In 2010, the FBI raids his family home.  They claim they are looking for evidence with respect to a child pornography charge against Matt. He is convinced that they are really there with respect to some classified files that were uploaded to a server he ran called, “The Shell”, files that he copied onto USB drives, sent to various friends and then deleted due to their content.  He’s so convinced the government is targeting him and his family for the possession of these files that he even asks his dad to drive him to the Russian and Venezuelan embassies to try and defect.

While the DeHart family claims these pornography charges are bogus, there are investigators and prosecutors who seem convinced of his guilt.  However, Matt and his family believe this is all a ruse, a way for the government to detain and interrogate and, according to Matt torture him with respect to his hacking, Anonymous, and these mysterious files.  The family even flees to Canada, under the cover of night, to seek asylum there based on the UN Convention Against Torture.

There are enough twists and turns in this story to make you dizzy, but in the interviews with Matt’s family, old friends, law enforcement officials, and the DeHart’s many, many (many) lawyers it becomes hard to know who to believe.  Everyone seems an unreliable narrator so every new piece of information shifts perspective.  But if a documentary is meant to portray factual events, this film fails to ever find any confirmed truth or identify who is lying.  In fact, Matt himself is probably the only one who knows what the truth really is.  Director Sonia Kennebeck instead circles around a lot of conspiracy theories, allowing them to linger and dilute any potential reality.

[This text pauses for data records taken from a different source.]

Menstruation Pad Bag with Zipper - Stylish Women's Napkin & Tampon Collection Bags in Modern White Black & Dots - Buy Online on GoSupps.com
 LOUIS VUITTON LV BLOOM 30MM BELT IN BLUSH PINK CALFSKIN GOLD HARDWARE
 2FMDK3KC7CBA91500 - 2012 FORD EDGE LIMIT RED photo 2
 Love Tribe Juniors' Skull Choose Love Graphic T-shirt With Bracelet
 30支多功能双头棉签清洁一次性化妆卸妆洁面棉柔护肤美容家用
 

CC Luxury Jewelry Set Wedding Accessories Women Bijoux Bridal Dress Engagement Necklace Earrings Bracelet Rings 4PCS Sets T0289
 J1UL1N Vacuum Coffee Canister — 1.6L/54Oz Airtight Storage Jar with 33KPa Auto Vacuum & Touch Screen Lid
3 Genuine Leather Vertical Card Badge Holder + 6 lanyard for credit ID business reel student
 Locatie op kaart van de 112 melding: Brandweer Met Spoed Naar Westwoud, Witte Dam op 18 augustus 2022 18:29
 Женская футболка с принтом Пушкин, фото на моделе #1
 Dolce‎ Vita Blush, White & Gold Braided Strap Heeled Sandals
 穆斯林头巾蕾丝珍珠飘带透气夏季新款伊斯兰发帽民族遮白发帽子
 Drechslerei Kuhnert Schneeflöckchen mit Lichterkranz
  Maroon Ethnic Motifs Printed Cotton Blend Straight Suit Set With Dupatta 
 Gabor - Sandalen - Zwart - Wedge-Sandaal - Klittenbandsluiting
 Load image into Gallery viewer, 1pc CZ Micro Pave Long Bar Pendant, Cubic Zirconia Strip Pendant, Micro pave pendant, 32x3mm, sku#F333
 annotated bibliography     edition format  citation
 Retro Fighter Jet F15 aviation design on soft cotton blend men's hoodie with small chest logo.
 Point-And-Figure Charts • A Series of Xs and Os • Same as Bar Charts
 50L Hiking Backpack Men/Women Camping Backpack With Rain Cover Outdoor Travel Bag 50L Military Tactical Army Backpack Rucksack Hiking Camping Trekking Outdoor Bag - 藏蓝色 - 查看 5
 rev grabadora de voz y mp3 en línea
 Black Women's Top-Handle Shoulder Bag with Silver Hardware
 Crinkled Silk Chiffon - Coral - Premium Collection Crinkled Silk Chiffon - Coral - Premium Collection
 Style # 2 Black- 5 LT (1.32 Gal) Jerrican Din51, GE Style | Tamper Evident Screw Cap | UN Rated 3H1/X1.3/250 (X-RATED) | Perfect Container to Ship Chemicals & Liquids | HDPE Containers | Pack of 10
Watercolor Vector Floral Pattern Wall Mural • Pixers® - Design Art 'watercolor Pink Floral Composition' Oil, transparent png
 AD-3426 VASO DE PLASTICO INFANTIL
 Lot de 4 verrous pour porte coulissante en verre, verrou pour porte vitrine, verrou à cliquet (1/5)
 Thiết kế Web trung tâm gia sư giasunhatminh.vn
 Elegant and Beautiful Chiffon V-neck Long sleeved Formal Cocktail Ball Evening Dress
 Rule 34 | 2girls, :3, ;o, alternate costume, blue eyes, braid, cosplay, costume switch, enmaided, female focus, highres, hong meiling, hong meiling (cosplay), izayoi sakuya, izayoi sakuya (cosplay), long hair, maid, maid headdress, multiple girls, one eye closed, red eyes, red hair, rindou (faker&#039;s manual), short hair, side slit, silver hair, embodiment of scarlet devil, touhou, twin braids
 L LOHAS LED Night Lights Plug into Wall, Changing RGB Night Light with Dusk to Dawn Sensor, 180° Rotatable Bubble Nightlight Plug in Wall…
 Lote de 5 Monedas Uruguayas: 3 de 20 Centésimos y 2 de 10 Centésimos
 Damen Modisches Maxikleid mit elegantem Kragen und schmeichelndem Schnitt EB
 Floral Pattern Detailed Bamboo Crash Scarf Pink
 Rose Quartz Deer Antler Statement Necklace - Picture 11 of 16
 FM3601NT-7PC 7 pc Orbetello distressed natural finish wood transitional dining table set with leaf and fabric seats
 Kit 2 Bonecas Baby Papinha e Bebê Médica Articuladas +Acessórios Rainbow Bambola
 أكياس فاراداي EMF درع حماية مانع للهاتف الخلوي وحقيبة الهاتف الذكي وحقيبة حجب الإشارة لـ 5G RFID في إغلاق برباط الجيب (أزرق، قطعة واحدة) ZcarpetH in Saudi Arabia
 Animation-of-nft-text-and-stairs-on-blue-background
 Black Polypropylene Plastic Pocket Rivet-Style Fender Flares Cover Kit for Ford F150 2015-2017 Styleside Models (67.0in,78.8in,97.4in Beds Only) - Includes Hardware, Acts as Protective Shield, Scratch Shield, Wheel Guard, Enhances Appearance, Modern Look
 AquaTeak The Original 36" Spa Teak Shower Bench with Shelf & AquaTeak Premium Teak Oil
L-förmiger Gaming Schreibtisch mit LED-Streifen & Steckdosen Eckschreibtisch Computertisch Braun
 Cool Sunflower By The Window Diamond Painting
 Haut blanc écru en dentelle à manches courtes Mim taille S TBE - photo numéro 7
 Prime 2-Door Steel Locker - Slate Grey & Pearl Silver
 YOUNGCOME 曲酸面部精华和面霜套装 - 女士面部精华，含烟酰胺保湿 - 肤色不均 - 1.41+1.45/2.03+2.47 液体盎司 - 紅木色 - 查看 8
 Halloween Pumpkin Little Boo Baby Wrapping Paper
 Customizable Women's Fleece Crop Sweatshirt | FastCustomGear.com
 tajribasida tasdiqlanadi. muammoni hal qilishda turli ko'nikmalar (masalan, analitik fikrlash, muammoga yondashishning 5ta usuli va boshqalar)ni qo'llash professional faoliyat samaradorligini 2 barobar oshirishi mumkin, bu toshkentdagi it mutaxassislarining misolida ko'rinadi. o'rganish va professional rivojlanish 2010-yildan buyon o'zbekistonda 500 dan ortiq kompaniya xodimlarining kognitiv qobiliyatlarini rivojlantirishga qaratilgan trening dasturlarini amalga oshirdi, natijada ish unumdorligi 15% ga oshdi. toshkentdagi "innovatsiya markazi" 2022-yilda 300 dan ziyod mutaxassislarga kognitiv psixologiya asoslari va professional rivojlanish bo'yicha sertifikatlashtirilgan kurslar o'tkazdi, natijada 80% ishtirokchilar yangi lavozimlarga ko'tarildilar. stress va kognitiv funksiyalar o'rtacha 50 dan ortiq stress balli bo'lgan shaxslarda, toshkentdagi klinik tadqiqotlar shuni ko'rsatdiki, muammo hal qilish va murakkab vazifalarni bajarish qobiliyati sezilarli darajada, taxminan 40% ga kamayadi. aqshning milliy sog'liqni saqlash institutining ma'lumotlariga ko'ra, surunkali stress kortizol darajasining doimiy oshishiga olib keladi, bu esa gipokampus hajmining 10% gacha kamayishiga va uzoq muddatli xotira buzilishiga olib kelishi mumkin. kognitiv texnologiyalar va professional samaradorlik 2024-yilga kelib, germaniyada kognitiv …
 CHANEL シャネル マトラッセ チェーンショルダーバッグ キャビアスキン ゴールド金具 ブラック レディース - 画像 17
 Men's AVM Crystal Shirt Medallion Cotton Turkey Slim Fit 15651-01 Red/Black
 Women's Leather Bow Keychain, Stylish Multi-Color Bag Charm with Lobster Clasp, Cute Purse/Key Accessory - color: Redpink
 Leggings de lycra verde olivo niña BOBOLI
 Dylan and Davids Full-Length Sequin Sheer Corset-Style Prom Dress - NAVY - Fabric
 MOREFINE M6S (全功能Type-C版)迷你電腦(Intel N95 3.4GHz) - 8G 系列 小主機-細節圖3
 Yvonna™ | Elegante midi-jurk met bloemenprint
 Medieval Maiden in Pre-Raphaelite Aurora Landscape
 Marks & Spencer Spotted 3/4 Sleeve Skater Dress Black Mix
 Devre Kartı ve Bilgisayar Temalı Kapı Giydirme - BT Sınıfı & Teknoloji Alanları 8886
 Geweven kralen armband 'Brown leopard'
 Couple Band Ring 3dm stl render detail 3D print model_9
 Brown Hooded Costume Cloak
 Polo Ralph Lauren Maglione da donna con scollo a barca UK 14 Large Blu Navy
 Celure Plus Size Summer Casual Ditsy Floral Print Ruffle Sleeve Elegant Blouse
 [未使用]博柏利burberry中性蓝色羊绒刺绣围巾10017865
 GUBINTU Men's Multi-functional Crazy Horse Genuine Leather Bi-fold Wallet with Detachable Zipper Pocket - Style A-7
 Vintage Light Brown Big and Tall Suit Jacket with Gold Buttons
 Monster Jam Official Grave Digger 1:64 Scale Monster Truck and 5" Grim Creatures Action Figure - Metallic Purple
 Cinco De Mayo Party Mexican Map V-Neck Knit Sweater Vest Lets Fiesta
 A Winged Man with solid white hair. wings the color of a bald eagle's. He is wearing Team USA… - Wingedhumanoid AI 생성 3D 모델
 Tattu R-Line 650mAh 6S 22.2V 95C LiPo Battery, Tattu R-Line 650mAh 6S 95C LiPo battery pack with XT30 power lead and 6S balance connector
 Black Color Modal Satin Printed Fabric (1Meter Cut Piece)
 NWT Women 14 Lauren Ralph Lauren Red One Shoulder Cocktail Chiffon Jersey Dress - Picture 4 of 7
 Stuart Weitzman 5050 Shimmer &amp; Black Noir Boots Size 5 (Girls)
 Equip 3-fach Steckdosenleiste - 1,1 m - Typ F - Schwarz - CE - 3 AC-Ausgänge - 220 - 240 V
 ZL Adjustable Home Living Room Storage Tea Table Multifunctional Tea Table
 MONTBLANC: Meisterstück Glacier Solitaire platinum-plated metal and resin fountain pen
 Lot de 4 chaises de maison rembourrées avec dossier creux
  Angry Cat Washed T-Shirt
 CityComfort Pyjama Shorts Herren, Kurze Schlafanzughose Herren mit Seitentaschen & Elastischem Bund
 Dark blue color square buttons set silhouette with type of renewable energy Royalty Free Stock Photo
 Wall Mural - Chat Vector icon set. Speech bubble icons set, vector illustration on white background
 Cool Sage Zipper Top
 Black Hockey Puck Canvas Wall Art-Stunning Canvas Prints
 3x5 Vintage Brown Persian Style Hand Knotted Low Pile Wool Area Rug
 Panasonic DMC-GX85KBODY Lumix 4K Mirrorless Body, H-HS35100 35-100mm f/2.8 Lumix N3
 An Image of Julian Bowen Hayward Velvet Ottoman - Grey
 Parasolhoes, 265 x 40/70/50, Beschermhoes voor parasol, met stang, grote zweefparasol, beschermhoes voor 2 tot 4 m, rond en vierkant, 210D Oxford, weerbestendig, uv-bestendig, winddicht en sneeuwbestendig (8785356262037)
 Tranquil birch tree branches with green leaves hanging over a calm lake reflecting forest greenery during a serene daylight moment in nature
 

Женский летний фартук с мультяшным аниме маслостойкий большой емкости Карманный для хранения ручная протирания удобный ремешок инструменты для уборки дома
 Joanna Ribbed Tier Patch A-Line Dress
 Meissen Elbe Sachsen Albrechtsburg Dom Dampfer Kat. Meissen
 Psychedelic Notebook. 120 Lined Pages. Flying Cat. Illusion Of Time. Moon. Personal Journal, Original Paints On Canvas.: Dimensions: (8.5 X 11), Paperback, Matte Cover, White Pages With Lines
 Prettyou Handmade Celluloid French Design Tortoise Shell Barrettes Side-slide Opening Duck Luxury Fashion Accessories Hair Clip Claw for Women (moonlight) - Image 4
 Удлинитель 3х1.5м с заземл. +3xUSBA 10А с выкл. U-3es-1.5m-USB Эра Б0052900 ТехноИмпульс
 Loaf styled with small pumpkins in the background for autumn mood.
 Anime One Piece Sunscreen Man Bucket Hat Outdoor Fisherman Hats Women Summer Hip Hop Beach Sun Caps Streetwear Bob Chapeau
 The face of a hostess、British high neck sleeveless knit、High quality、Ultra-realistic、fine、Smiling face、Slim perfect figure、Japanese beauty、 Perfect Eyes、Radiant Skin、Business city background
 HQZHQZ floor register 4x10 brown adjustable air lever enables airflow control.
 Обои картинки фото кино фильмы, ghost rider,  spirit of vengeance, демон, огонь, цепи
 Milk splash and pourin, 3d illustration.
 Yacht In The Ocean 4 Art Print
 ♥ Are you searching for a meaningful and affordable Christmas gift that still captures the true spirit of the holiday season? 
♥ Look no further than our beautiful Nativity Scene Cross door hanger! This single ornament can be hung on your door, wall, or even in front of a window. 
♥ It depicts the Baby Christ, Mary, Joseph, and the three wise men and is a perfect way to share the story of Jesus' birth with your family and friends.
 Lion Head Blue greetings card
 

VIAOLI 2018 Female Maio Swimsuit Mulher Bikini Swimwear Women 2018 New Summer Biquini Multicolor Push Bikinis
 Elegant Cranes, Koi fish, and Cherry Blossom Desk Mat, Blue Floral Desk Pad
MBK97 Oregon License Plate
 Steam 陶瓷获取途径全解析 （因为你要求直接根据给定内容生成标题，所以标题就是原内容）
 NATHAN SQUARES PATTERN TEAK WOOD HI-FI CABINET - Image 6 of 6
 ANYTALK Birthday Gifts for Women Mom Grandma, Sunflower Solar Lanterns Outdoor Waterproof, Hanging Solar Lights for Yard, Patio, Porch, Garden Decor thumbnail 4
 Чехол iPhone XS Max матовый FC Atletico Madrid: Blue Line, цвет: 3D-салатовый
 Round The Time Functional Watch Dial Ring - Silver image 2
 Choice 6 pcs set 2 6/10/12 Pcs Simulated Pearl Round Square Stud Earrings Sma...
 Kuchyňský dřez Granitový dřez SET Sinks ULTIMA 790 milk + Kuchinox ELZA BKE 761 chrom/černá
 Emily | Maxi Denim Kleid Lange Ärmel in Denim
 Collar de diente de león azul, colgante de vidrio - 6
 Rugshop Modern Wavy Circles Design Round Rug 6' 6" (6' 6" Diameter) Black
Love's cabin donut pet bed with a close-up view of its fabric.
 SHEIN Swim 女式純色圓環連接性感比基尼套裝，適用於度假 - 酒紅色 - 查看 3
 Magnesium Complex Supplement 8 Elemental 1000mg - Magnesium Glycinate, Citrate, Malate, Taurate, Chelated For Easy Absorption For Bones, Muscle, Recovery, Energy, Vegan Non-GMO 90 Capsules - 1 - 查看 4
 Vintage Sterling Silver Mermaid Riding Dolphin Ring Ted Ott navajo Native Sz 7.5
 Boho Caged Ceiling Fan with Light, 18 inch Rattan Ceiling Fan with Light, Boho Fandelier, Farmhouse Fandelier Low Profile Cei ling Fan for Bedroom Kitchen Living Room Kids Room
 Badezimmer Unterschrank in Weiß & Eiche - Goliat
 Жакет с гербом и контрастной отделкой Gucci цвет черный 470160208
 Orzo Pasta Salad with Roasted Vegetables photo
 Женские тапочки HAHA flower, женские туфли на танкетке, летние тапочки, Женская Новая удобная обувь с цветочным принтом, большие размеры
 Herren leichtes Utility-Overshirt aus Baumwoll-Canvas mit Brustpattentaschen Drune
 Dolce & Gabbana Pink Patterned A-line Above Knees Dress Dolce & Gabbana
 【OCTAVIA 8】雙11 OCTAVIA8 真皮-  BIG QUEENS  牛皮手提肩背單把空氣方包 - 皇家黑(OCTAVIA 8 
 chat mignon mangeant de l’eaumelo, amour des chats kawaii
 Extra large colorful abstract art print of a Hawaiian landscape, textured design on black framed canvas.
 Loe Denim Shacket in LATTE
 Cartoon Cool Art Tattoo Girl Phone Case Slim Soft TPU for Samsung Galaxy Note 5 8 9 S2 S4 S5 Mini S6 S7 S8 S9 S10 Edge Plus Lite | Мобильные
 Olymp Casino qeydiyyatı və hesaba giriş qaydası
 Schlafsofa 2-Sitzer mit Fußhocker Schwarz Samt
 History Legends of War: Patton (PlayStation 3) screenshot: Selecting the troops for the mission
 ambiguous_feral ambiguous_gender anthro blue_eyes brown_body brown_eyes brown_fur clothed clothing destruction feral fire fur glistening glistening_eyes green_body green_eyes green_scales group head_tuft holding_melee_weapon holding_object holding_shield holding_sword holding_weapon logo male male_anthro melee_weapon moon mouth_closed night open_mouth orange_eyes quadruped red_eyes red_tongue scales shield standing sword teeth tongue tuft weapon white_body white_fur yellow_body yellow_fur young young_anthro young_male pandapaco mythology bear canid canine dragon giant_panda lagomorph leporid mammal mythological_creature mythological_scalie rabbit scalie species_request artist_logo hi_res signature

Perhaps that’s the point, as one of the many, many (many) lawyers notes toward the end, “… we are all suffering from the promotion of lies as truth.”  We see this daily, in the news, on social media, from certain tweeting political leaders.  There are ideas and conspiracies that take on a life of their own, strife with their own agenda.  It’s a subject that deserves its own investigation outside of the DeHart’s influence.  While an entertaining view, and technically polished, Enemies of the State doesn’t serve up any answers.  To circle back to the opening frame, the truth is rarely pure and never simple… or questionably ever the ‘truth’ at all.